─── Record set ───

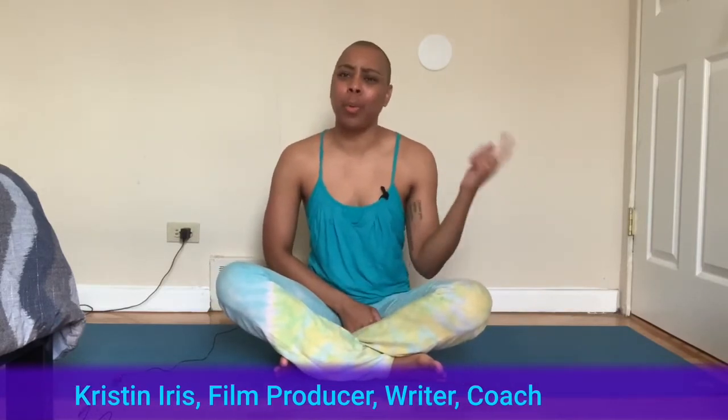Welcome to my video. I am Kristin Iris, film producer, writer, and coach who works with black creatives to cultivate liberation and make an impact with their work. You're probably wondering what I'm doing on a yoga mat — I also used to teach yoga and do body work, and in these coronavirus times I wanted to bring you some techniques and exercises to help calm stress, calm anxiety, and help you focus so that you can step into your creative work.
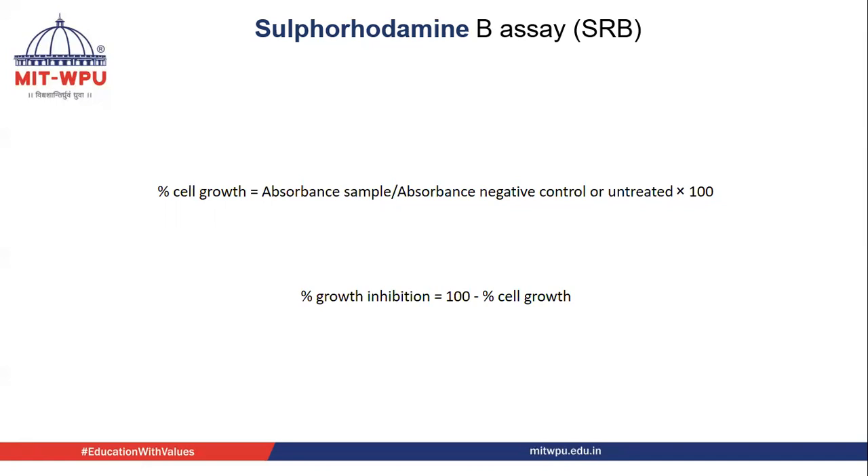In summary, the SRB assay depends on the attachment of SRB to protein due to the presence of sulfonic groups, followed by removal of this SRB with tris-base solution. The amount of SRB removed is directly proportional to the presence of cells.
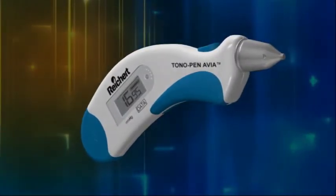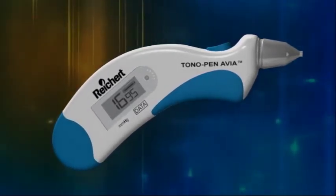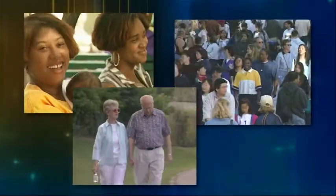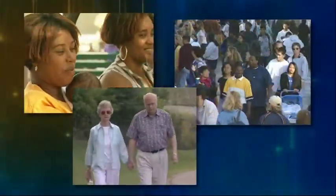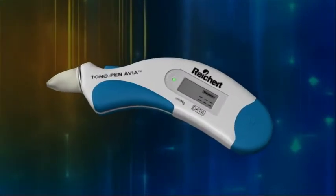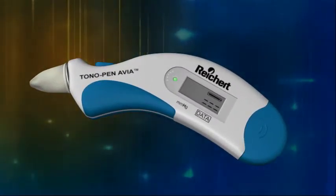The Rikert Tonopena Via Handheld Tonometer is the next generation in the Tonopena family of applanation tonometers. A wide range of patients are considered to be at risk for glaucoma and may need routine screening. The Rikert Tonopena Via Tonometer offers the medical community a simple and accurate option for patient screening.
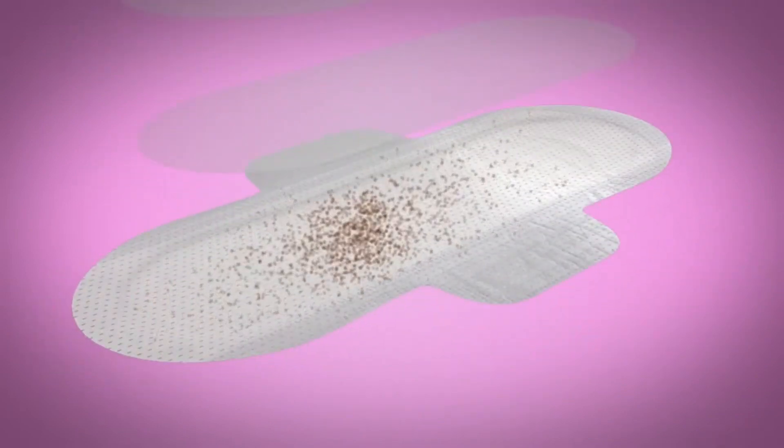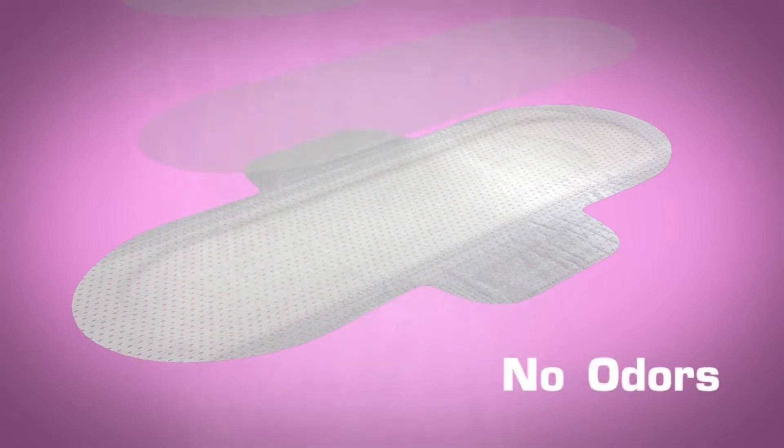Layer 4: Breathable layer. Bacteria hides and multiplies when it is not exposed to air. Our pads are breathable and they allow for airflow, therefore bacteria has nowhere to hide. No odors.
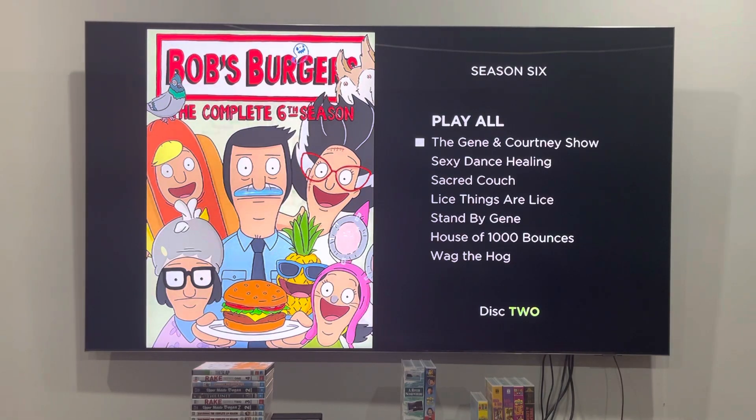The episodes are: The Gene and Corny Show, Sexy Dance Healing, Sacred Couch, and Lice Things Are Lice. Unfortunately, he does not like that episode because the Slice attempted to shave Louise's head and burn her hat. Also Stand by Gene.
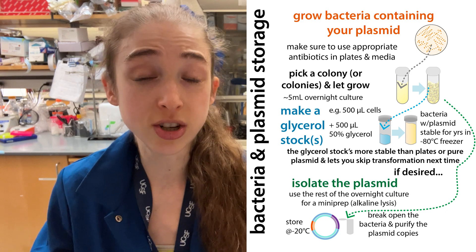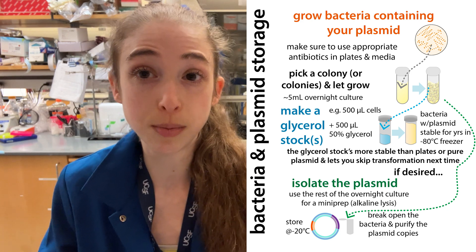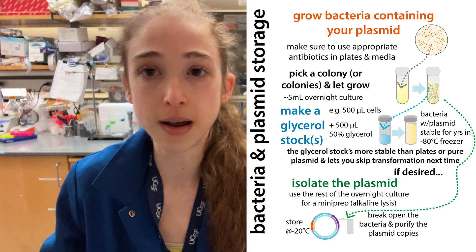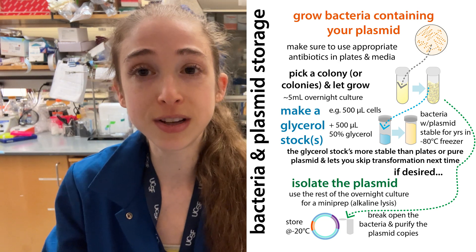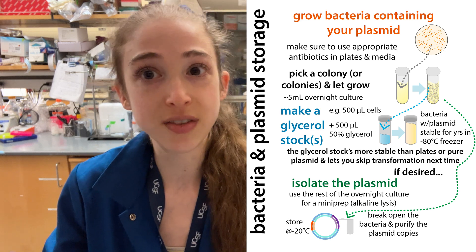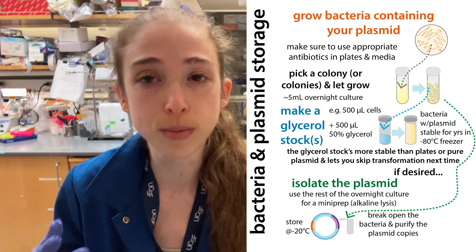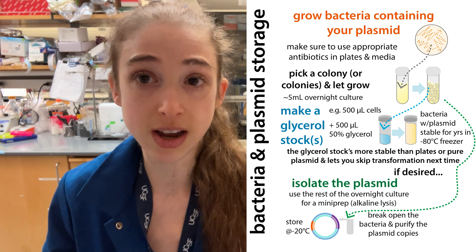Talking about long-term — these can actually last for years and years. It's going to be more stable than just storing your plasmid DNA in the freezer. Plus you have a source for making more without having to re-transform that plasmid into bacteria. You definitely don't want to run out of plasmid, then realize you don't have enough to transform into bacteria and have to redo all the cloning or order more. Having those glycerol stocks is going to save you time.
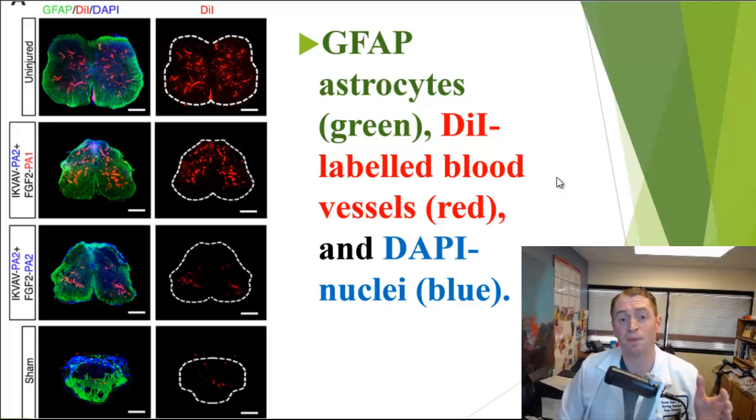So enough about theory — let's look at the results of the experiment. We're looking at sections of the thoracic spinal cord in cross-section, stained with different markers: GFAP (gliofibrillary acidic protein) marks astrocytes in green, red marks blood vessels, and blue marks neuronal nuclei. On top is the uninjured mouse — completely normal. At the bottom is the sham mouse that received only saline with no treatment — the spinal cord is shrunken and atrophied, with very few blood vessels and an abnormal distribution of astrocytes. In the two treatment groups, there is much greater volume of the spinal cord, much better blood flow, and a more normal distribution of astrocytes.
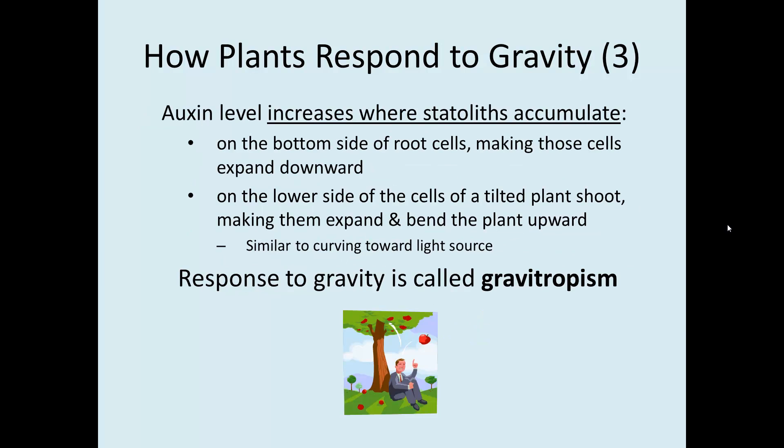In how plants respond to gravity, auxin levels increase where the statoliths accumulate. On the bottom side of root cells, statoliths respond to gravity and those cells grow downward. On the lower side of endodermis cells in a tilted plant, statoliths fall to the lower edges, causing that area to extend and curve upward — very similar to how plants curve toward a light source. This response is called gravitropism.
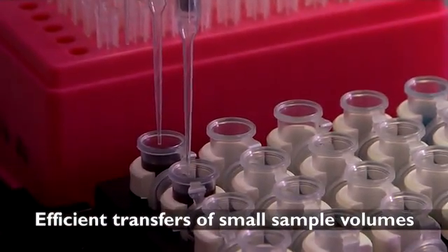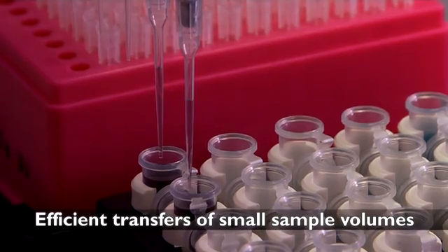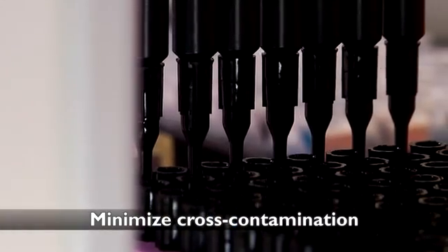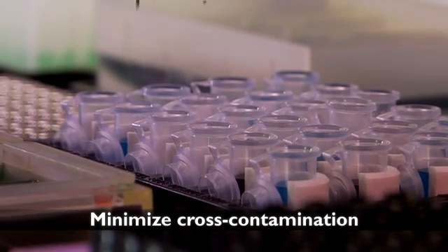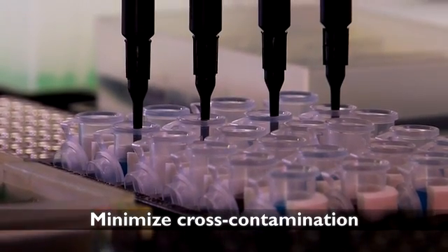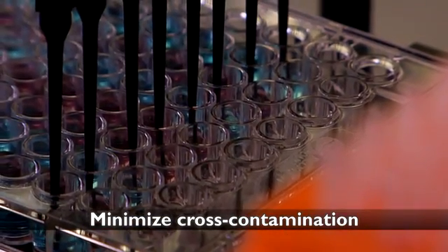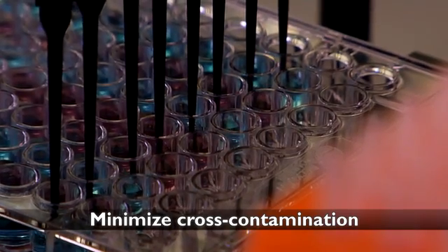It enables efficient transfers of small sample volumes characteristic of assay miniaturization. The SPAN 8 P50 Conductive Tip enables the liquid level sensing capability of the Biomech system to automatically sense the sample or reagent in a well or a tube, so you don't have to specify volumes. And they minimize cross-contamination by reducing the exterior wetted surface of the pipette tip.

───

Task statement :: None of the images should be copied, but every entry must be given again exactly.

Solution to the exercise ::
Welcome to my video. I am Kristin Iris, film producer, writer, and coach who works with black creatives to cultivate liberation and make an impact with their work. You're probably wondering what I'm doing on a yoga mat — I also used to teach yoga and do body work, and in these coronavirus times I wanted to bring you some techniques and exercises to help calm stress, calm anxiety, and help you focus so that you can step into your creative work.
In summary, the SRB assay depends on the attachment of SRB to protein due to the presence of sulfonic groups, followed by removal of this SRB with tris-base solution. The amount of SRB removed is directly proportional to the presence of cells.
The Rikert Tonopena Via Handheld Tonometer is the next generation in the Tonopena family of applanation tonometers. A wide range of patients are considered to be at risk for glaucoma and may need routine screening. The Rikert Tonopena Via Tonometer offers the medical community a simple and accurate option for patient screening.
Layer 4: Breathable layer. Bacteria hides and multiplies when it is not exposed to air. Our pads are breathable and they allow for airflow, therefore bacteria has nowhere to hide. No odors.
The episodes are: The Gene and Corny Show, Sexy Dance Healing, Sacred Couch, and Lice Things Are Lice. Unfortunately, he does not like that episode because the Slice attempted to shave Louise's head and burn her hat. Also Stand by Gene.
Talking about long-term — these can actually last for years and years. It's going to be more stable than just storing your plasmid DNA in the freezer. Plus you have a source for making more without having to re-transform that plasmid into bacteria. You definitely don't want to run out of plasmid, then realize you don't have enough to transform into bacteria and have to redo all the cloning or order more. Having those glycerol stocks is going to save you time.
So enough about theory — let's look at the results of the experiment. We're looking at sections of the thoracic spinal cord in cross-section, stained with different markers: GFAP (gliofibrillary acidic protein) marks astrocytes in green, red marks blood vessels, and blue marks neuronal nuclei. On top is the uninjured mouse — completely normal. At the bottom is the sham mouse that received only saline with no treatment — the spinal cord is shrunken and atrophied, with very few blood vessels and an abnormal distribution of astrocytes. In the two treatment groups, there is much greater volume of the spinal cord, much better blood flow, and a more normal distribution of astrocytes.
In how plants respond to gravity, auxin levels increase where the statoliths accumulate. On the bottom side of root cells, statoliths respond to gravity and those cells grow downward. On the lower side of endodermis cells in a tilted plant, statoliths fall to the lower edges, causing that area to extend and curve upward — very similar to how plants curve toward a light source. This response is called gravitropism.
It enables efficient transfers of small sample volumes characteristic of assay miniaturization. The SPAN 8 P50 Conductive Tip enables the liquid level sensing capability of the Biomech system to automatically sense the sample or reagent in a well or a tube, so you don't have to specify volumes. And they minimize cross-contamination by reducing the exterior wetted surface of the pipette tip.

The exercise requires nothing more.